• _Try it_
Which of the lines below mention the word "Symptoms"? Pull each one out.

• _Data for analysis_
|---|

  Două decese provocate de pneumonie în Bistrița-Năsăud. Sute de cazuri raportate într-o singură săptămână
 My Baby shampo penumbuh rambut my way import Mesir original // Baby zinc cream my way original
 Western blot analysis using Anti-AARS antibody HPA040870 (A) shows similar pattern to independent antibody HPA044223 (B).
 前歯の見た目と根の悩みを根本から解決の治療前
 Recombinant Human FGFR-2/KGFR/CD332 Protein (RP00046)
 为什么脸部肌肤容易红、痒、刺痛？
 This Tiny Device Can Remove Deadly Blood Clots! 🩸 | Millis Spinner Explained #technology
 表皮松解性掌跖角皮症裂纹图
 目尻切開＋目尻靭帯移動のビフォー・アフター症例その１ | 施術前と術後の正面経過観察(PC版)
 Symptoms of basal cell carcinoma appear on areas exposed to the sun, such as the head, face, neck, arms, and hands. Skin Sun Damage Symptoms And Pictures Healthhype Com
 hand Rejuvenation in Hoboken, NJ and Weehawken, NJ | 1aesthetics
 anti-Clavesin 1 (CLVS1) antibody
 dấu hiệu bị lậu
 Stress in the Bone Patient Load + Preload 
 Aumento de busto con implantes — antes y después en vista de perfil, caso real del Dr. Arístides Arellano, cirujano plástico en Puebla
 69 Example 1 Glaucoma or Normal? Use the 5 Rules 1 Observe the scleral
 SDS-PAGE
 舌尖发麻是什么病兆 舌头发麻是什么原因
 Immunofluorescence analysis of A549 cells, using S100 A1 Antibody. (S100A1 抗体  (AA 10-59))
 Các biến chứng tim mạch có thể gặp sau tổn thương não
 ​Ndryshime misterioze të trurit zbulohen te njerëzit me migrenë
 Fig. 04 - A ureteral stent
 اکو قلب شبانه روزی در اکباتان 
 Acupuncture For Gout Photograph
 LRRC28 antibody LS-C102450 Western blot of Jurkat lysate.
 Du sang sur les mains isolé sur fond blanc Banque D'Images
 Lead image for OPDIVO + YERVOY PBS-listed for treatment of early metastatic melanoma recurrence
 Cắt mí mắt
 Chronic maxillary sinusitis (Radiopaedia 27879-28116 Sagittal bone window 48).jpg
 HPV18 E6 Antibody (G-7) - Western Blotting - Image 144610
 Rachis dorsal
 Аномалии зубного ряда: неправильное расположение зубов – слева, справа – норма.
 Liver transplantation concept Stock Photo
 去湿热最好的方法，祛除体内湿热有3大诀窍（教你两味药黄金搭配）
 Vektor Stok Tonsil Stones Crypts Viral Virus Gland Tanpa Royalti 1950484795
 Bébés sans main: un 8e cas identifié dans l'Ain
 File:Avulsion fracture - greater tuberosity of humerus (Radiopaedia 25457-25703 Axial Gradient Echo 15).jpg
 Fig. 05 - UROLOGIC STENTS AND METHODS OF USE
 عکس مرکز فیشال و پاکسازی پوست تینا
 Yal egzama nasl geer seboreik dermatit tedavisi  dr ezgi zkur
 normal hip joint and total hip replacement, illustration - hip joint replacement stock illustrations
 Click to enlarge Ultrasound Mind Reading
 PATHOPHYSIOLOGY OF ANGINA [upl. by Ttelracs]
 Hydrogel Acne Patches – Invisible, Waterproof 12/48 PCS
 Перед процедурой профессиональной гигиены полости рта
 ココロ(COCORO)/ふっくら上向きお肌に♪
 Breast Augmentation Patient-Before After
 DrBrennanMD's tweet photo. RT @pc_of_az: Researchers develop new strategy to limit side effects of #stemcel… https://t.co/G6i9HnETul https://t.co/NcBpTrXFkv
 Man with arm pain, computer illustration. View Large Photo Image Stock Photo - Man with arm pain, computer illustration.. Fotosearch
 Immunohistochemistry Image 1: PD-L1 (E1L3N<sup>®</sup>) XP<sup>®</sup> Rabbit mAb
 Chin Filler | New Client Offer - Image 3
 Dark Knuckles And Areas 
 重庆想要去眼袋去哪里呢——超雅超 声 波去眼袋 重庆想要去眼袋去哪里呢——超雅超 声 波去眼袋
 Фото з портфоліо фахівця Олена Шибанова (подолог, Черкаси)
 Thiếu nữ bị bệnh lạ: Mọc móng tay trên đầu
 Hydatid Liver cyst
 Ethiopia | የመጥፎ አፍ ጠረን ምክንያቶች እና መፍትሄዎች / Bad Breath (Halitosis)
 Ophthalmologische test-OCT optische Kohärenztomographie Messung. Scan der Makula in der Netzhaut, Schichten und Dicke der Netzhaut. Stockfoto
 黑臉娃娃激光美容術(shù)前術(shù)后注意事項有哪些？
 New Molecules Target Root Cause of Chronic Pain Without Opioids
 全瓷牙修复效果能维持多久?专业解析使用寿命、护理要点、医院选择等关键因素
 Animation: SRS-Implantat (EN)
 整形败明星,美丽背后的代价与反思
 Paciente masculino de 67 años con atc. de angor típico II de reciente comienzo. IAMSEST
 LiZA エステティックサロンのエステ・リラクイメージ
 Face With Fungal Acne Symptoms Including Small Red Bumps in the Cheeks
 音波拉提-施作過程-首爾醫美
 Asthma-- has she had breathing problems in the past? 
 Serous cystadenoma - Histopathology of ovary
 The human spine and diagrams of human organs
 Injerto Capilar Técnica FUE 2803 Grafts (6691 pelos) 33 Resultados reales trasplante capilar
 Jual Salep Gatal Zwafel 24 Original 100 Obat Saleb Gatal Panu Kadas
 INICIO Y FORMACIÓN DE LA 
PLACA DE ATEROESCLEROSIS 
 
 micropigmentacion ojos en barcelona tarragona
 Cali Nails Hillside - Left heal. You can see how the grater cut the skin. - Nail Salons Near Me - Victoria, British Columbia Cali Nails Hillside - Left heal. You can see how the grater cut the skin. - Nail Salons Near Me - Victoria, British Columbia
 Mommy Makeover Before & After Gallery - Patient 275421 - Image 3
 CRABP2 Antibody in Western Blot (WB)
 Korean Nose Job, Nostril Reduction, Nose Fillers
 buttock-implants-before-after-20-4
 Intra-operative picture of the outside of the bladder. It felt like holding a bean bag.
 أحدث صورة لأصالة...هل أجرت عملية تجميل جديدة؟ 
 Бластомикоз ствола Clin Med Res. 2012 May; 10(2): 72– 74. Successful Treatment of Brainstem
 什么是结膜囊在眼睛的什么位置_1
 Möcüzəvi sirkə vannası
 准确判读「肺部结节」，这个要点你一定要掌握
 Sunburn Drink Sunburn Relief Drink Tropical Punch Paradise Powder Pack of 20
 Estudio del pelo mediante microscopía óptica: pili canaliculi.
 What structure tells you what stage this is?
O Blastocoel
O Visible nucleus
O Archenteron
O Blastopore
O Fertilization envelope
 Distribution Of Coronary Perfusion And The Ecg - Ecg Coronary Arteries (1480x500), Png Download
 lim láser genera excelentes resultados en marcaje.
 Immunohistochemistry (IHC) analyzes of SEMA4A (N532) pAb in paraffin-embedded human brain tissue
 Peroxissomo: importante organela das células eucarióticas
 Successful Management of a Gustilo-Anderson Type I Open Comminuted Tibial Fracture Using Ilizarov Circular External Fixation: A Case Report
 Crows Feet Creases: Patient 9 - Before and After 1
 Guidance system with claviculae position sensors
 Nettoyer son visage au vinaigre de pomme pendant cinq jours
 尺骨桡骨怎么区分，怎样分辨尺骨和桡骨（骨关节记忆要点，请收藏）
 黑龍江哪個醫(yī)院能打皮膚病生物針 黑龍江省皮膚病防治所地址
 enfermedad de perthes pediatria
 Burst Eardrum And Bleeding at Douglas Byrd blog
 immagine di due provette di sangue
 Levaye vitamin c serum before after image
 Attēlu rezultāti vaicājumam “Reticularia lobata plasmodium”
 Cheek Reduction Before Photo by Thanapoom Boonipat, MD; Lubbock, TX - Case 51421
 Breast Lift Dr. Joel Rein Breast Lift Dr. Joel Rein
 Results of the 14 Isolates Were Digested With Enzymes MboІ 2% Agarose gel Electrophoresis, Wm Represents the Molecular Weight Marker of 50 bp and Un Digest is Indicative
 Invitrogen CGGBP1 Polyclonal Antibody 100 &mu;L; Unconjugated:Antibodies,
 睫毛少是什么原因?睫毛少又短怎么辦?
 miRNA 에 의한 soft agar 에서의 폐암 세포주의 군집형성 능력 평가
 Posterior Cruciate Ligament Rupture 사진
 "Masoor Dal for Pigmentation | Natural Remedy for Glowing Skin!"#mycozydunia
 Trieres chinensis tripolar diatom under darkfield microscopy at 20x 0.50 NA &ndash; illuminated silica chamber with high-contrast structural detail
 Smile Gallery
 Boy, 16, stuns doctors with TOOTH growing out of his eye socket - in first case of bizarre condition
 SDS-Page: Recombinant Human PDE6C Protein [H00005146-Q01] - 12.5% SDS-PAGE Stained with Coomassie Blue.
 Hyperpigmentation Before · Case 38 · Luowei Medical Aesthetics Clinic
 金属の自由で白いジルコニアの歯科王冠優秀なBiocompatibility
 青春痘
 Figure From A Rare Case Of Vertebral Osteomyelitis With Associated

|---|

• _Completed task_
 Symptoms of basal cell carcinoma appear on areas exposed to the sun, such as the head, face, neck, arms, and hands. Skin Sun Damage Symptoms And Pictures Healthhype Com
 Face With Fungal Acne Symptoms Including Small Red Bumps in the Cheeks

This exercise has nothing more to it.